The future of construction data and analytics | René Morkos

The future of construction data and analytics | René Morkos

Recently, Bridgit’s COO and Co-founder, Lauren Lake, had the opportunity to talk with René Morkos, CEO and founder of ALICE Technologies, about construction digitization and the industry’s future.

If you’re unfamiliar with ALICE Technologies or Morkos, here’s a quick overview:

  • René Morkos is the Founder and Chief Executive Officer (CEO) of ALICE Technologies Inc. and a Professor at Stanford University.
  • Morkos invented the world’s first Generative Construction Simulator, which ingests BIM models and automatically generates millions of valid simulations to build a project.
  • Through ALICE, Morkos has already helped contractors reduce project durations by an average of 17% and labor and equipment costs by an average of 13%
  • As a professor of Managing Fabrication and Construction at Stanford, Morkos is on the front lines teaching a new breed of construction production management.
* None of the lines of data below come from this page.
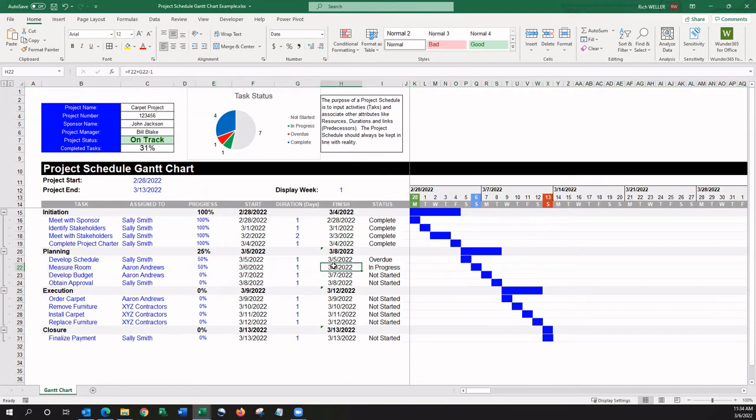So, with that, that's an overview of a completed example for a project schedule. I hope this helps.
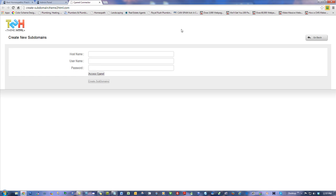Somebody asked: does it work on add-on domains? The answer is yes. You put their add-on domain, same username and same password — that's what you use to access the cPanel. If you know the domain, username, and password, you can paste in the list, hit go, and it'll do it.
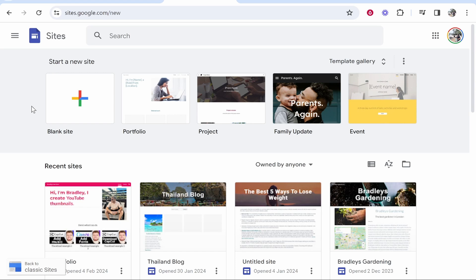In this video I'm going to show you how you can upload your own videos to Google Sites. Now this is relatively easy so let's jump into it.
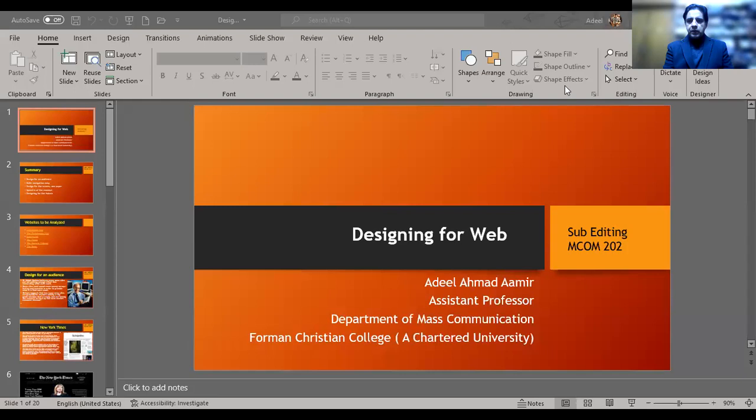Hello everyone, good morning, good afternoon, and good evening to all of you. I hope you all are staying safe and doing great. Let's start our next topic, which is designing for the web, because we are talking about websites — how to upload content on a website and how websites are different compared to print media. I hope you can see this PowerPoint presentation on your screens.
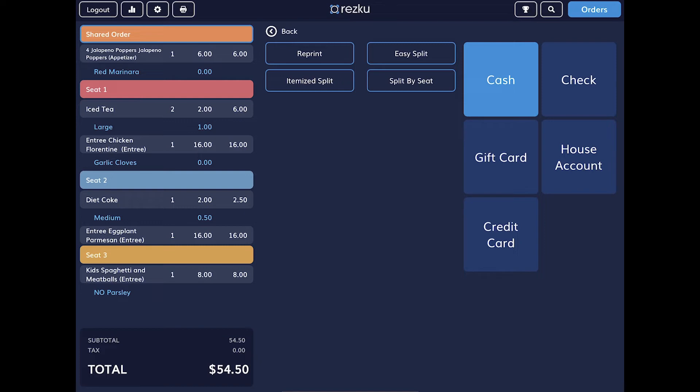Before you start payment, ask your guests if they'll be splitting their check. Rescue has a few options for splitting checks.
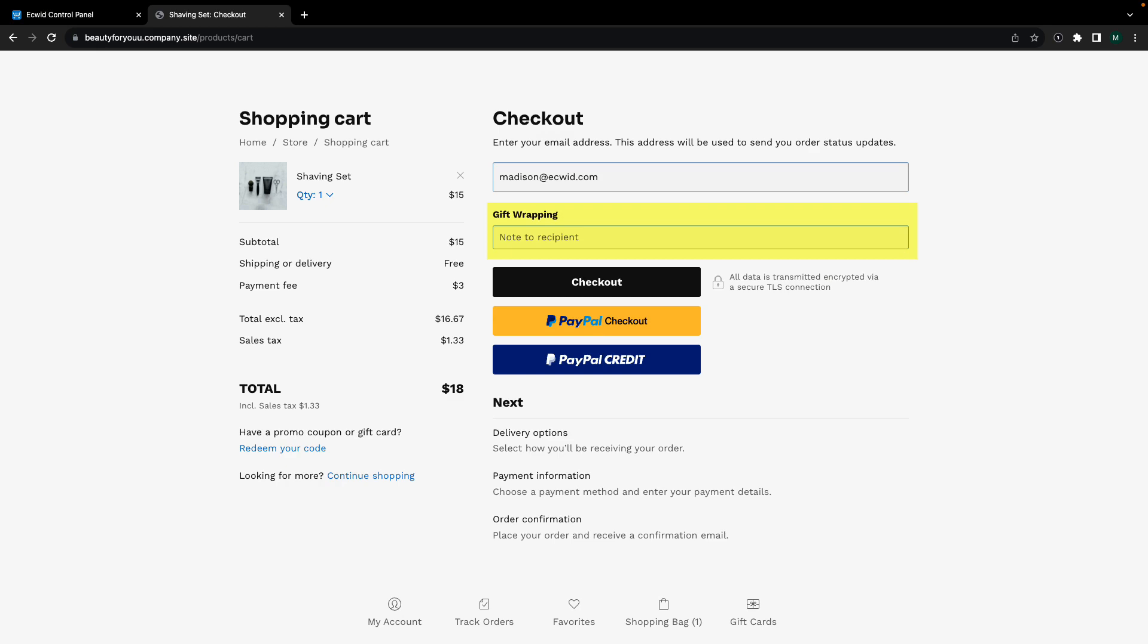Custom cart fields allow you to collect additional information from your customers that may be necessary to process their order. For example, if your store offers gift wrapping, you can have a text box where customers can enter in a note to the recipient.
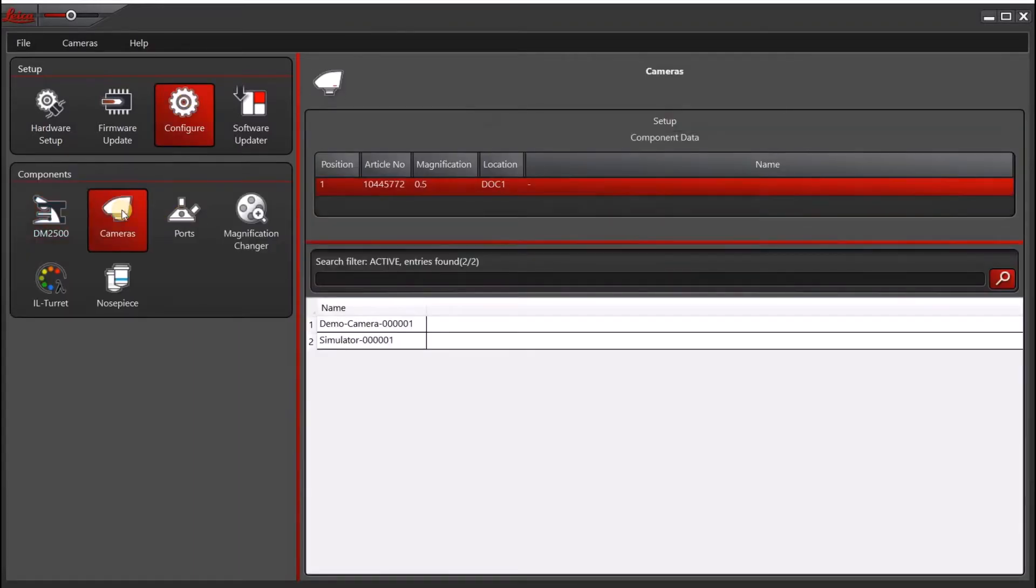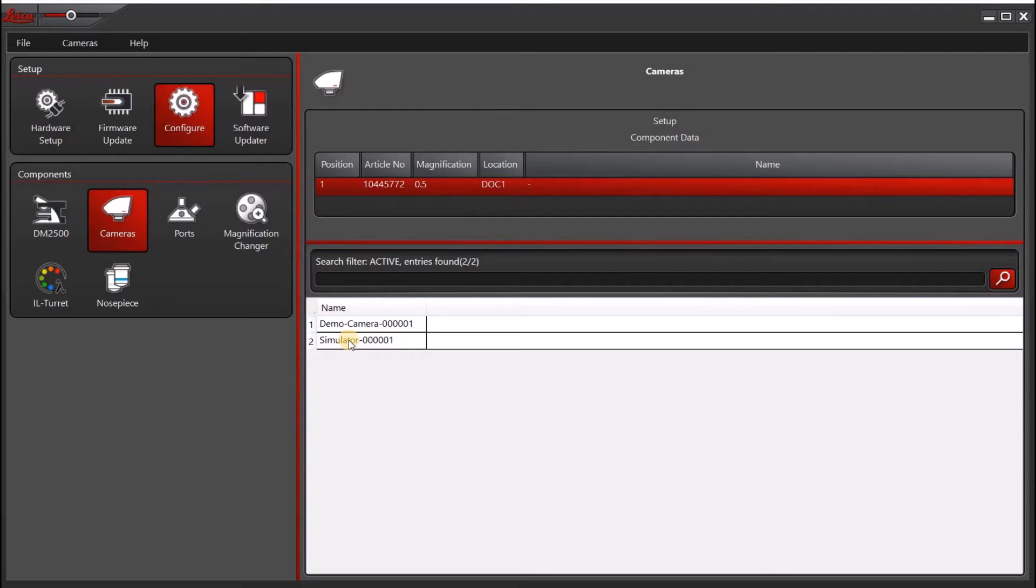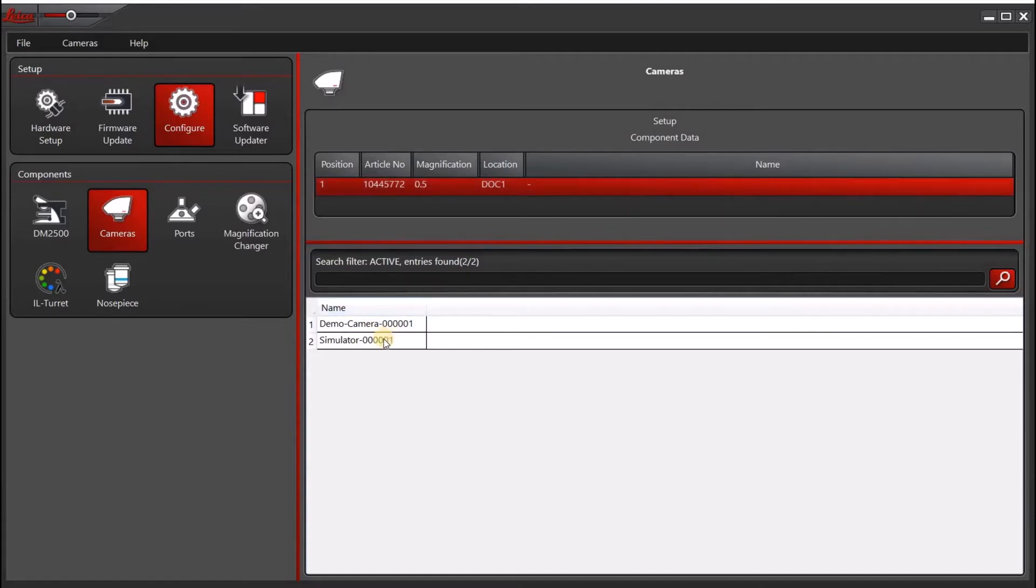make sure you have selected one of the following, or at the very least, do not select a camera that is actually on your microscope. So you'll see here it's actually blank, which is fine. You can also go ahead and select the demo camera or the simulator.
Using artificial intelligence, machine learning, and other theories, Morkos has changed how the construction production management problem is formulated and solved.

Morkos is one of the leading minds in artificial intelligence for the construction industry and has plenty of insight into the future of construction digitization and contractor data management.

Our conversation with René Morkos


Lauren Lake: We always hear that construction is lagging behind other industries. You’ve probably seen that the very famous McKinsey graph shows that construction is one of the laggards in technology adoption. We’ve always felt that this is a bit of an unfair comparison to make. Do you think this paints the industry correctly? What are your thoughts there?

Rene Morkos: That McKinsey graph states that the dollar value produced per hour of work in construction has stayed the same, whereas, in other fields, it’s gone up. So, other fields have become arguably more efficient. So, that graph is correct. And lots of researchers have looked at it. It’s been validated by third, fourth, and fifth parties, and so on. The question, though, is why? And the consensus is, “Oh, construction folks are not innovative.” That’s the part where… Forgive me, but that’s bullshit, right? And here’s why.

         Construction is the second least digitized industry in the world. The only industry less digitized than us is agriculture. As far as I can tell, and this is really from a decade of research, construction just tends to work on bigger, more difficult problems than other fields.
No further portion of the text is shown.